→ **DESCRIPTION OF THE TASK**
Repeat each entry exactly. Drop every image.

━━━━━ DATA FOR THIS TASK

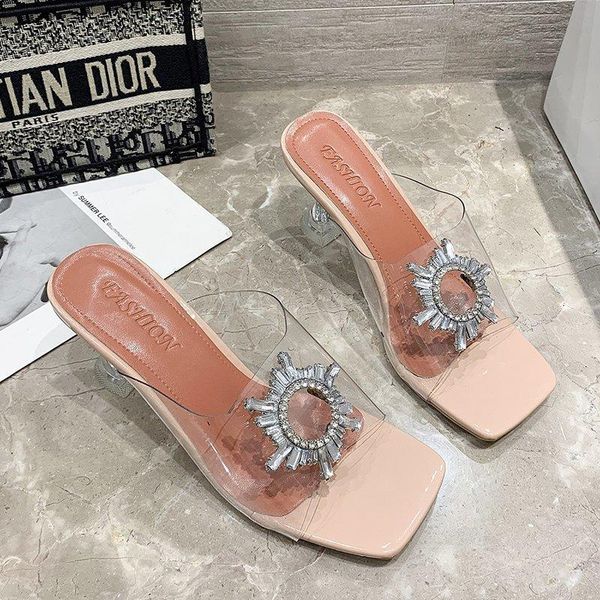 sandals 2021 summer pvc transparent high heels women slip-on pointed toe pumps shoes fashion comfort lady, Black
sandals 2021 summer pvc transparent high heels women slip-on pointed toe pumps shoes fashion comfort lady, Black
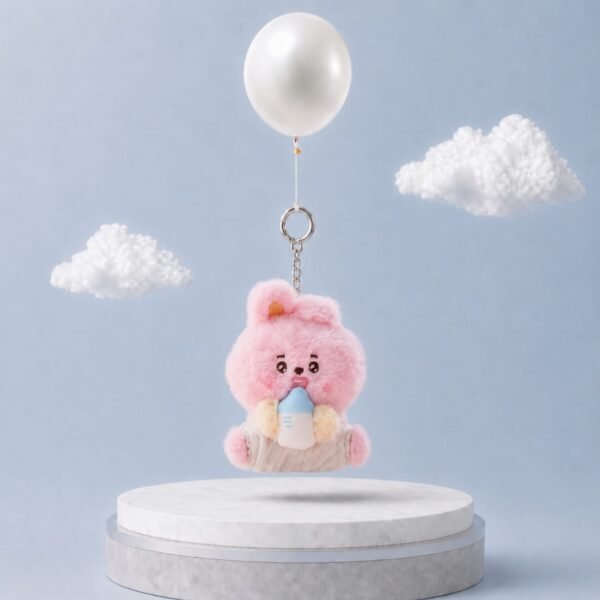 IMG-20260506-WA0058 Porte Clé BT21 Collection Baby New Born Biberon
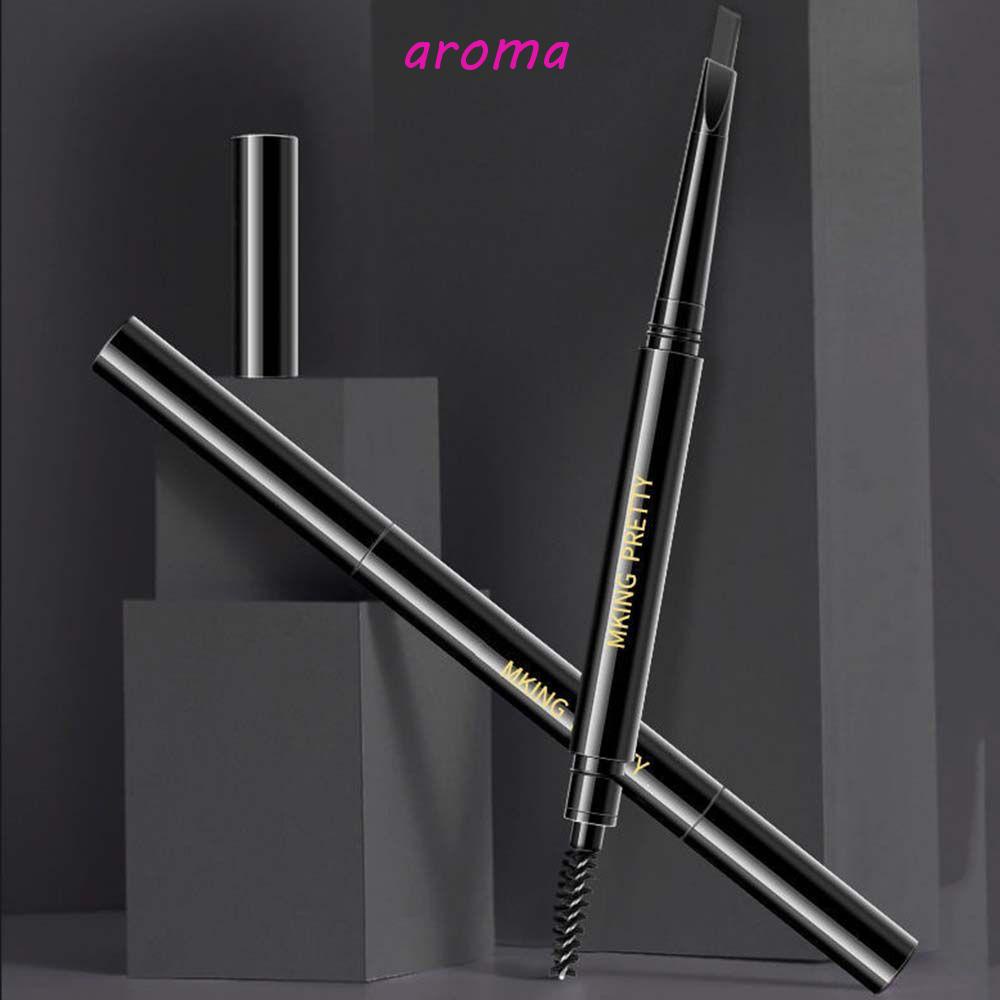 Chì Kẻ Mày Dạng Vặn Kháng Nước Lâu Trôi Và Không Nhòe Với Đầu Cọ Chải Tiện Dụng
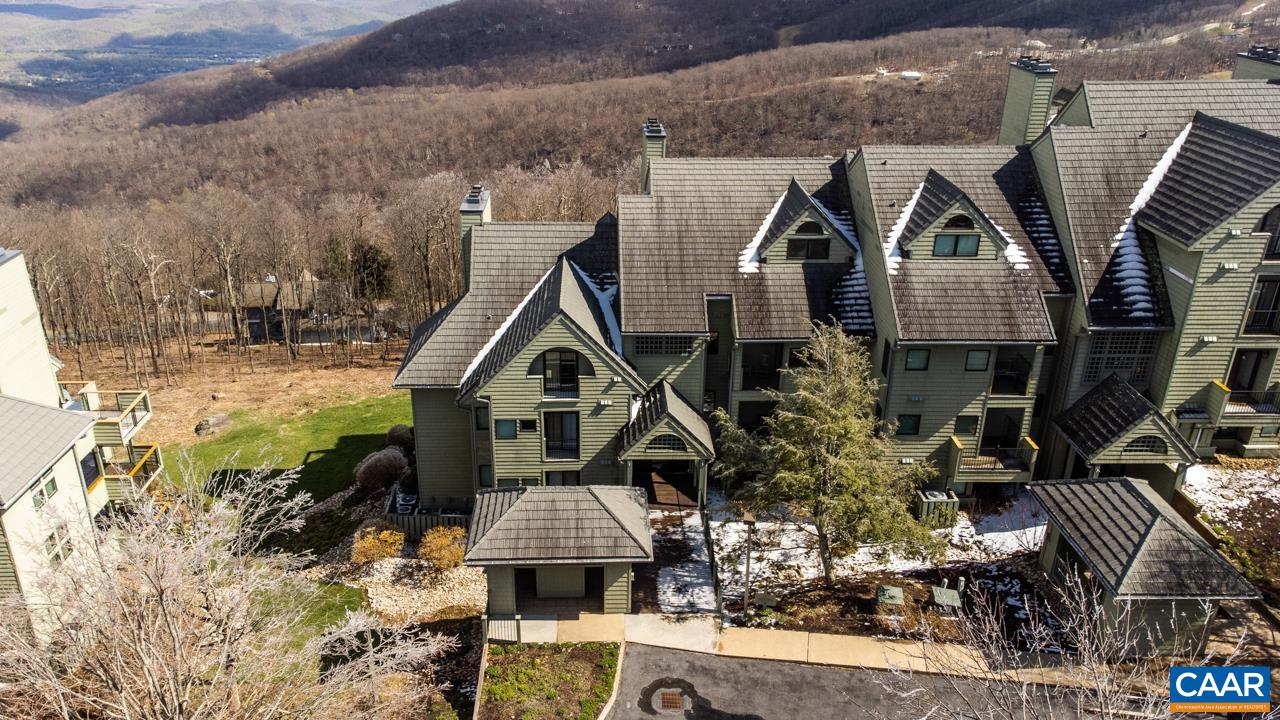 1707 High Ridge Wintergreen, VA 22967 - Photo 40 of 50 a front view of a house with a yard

━━━━━━━━━━

→ **SOLUTION**
 sandals 2021 summer pvc transparent high heels women slip-on pointed toe pumps shoes fashion comfort lady, Black
sandals 2021 summer pvc transparent high heels women slip-on pointed toe pumps shoes fashion comfort lady, Black
 IMG-20260506-WA0058 Porte Clé BT21 Collection Baby New Born Biberon
 Chì Kẻ Mày Dạng Vặn Kháng Nước Lâu Trôi Và Không Nhòe Với Đầu Cọ Chải Tiện Dụng
 1707 High Ridge Wintergreen, VA 22967 - Photo 40 of 50 a front view of a house with a yard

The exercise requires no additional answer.